J'ai un petit faible pour la scène finale du film de John Woo A Better Tomorrow 2: un protagoniste se fraye furieusement à l'aide d'un sabre japonais son chemin dans une immense demeure, éliminant de nombreux mafieux comme Goldorak élimine des soucoupes! Ce passage a également traumatisé Tony Scott et Quentin Tarantino, puisqu'on le retrouve diffusé sur une télévision durant une scène du film True Romance.

Ceci me permet de conclure en constatant que le chambara a été assimilé par toute une génération de réalisateurs et de spectateurs à des degrés plus ou moins importants. Il faut cependant garder en mémoire que ce genre a une riche histoire et que son exploration permettra de sensibiliser le spectateur occidental curieux sur le mode de pensée des japonais et sur un passage de leur histoire : savoir lire entre les images de ces films peut-être tout aussi enrichissant que l'exploration de volumineux ouvrages. A vous désormais d'en tirer la substantifique moelle (et si vous n'avez toujours pas vu Les sept samourais (quoi, des hérétiques?), précipitez-vous, il n'est pas encore trop tard).


© viottip@hotmail.com

Bonne découverte...

Dans un film de sabre, on trouve...

Des geysers de sang...
Les personnages des chambaras et des films de ninja en dessins animés meurent de façon très graphique: un véritable geyser de sang surgit de la plaie ouverte par le sabre du héros.
La série de jeux vidéos sur Néo-Géo, Samourai Shodown vous permet même d'incarner des sabreurs qui infligeront de telles blessures.
Métaphore sur l'âme et la vie qui quitte le corps du mourant, cette éruption sangui-nolente est d'une puissance visuelle rare. Ce fut Kurosawa qui inventa cet artifice en 1962 dans le film Sanjuro
.

Le mercenaire Itto Ogami et son fils (Baby Cart)

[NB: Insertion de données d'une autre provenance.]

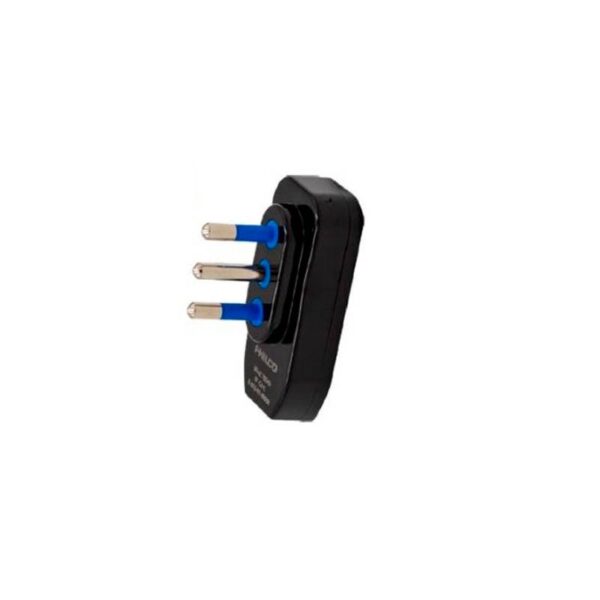 Enchufe macho horizontal 2P + T Negro Philco - Imagen 3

Par la suite, il fut inévitable qu'au moins un adversaire trépasse en déversant des litres de sang.

La série des Baby Cart (Kozure Ogami (Le loup et l'enfant) adaptation d'un manga de Koike Kazuo) porta l'usage du geyser à son apogée.
Cette série atteint des summums de violence, tous les adversaires meurent en déversant d'impressionnants flots d'hémoglobine: mais le contexte et le ton du film justifient cette violence qui reste essentiellement graphique et ne doit surtout pas détourner le spectateur (adulte) de cette oeuvre immanquable.


Ichikawa Raizo
© Daiei

Zatoichi, le masseur aveugle qui manie la sabre à la perfection © Daiei

Dans un film de sabre on trouve...

La coupure en décalage...

Egalement incontournable, cette figure de style est une véritable marque de fabrique des Ken-Geki.
Pour l'illustrer, la scène d'ouverture du troisième film de la série des Baby Cart paraît exemplaire: Itto Ogami et son jeune fils sont dans une forêt de bambous.

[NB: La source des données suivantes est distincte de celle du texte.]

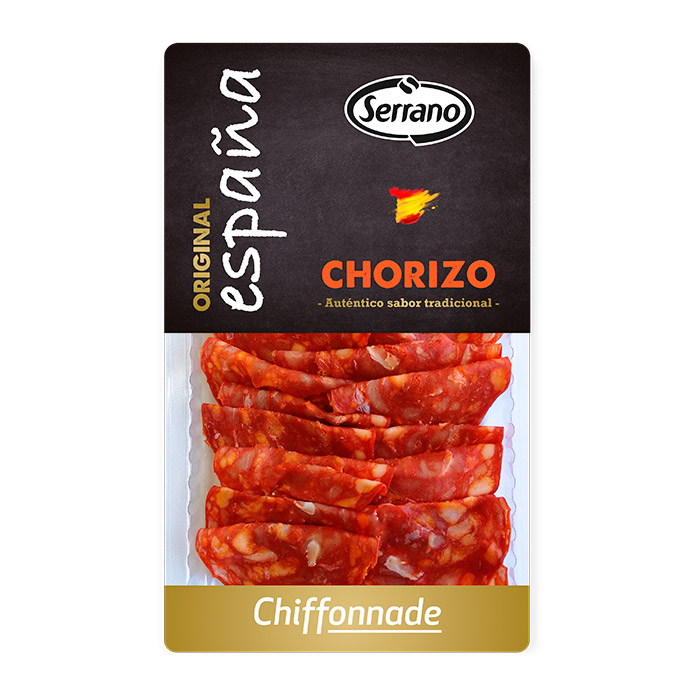 Serrano Spanish Slices - Chorizo Chiffonade 100g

Le père s'enfonce un peu dans la forêt, laissant son fils à l'écart.
Il marche et soudain, sort son sabre, exécute des mouvements très rapides avec son arme puis la rengaine. Rien ne se passe pendant deux ou trois secondes. Tout à coup, trois bambous ont l'air de se couper tout seul: trois espions ninjas accrochés en hauteur sur ces bambous tombent et succombent sous les coups impitoyables du héros.

Cette autre trouvaille visuelle a été adoptée par de nombreux réalisateurs, bluffant toujours le public. Le personnage Ray de l'école Nanto dans le manga du duo Hara Tetsuo et Buronson découpe ses ennemis avec ses doigts. Ils tombent découpés en tranches après que le héros leur ait déjà tourné le dos.
Dans le film Once Upon a Time in China II du Tsui Hark, le héros Wong Fei Hung (Jet Li, acteur principal du récent Roméo must Die) frappe avec son bâton les montants d'un immense échafaudage en bois puis recule. Son ennemi attend que tout s'écroule. Mais rien ne se passe. Bien entendu, l'édifice s'effondre au moment où l'adversaire de Jet li se précipite à sa rencontre.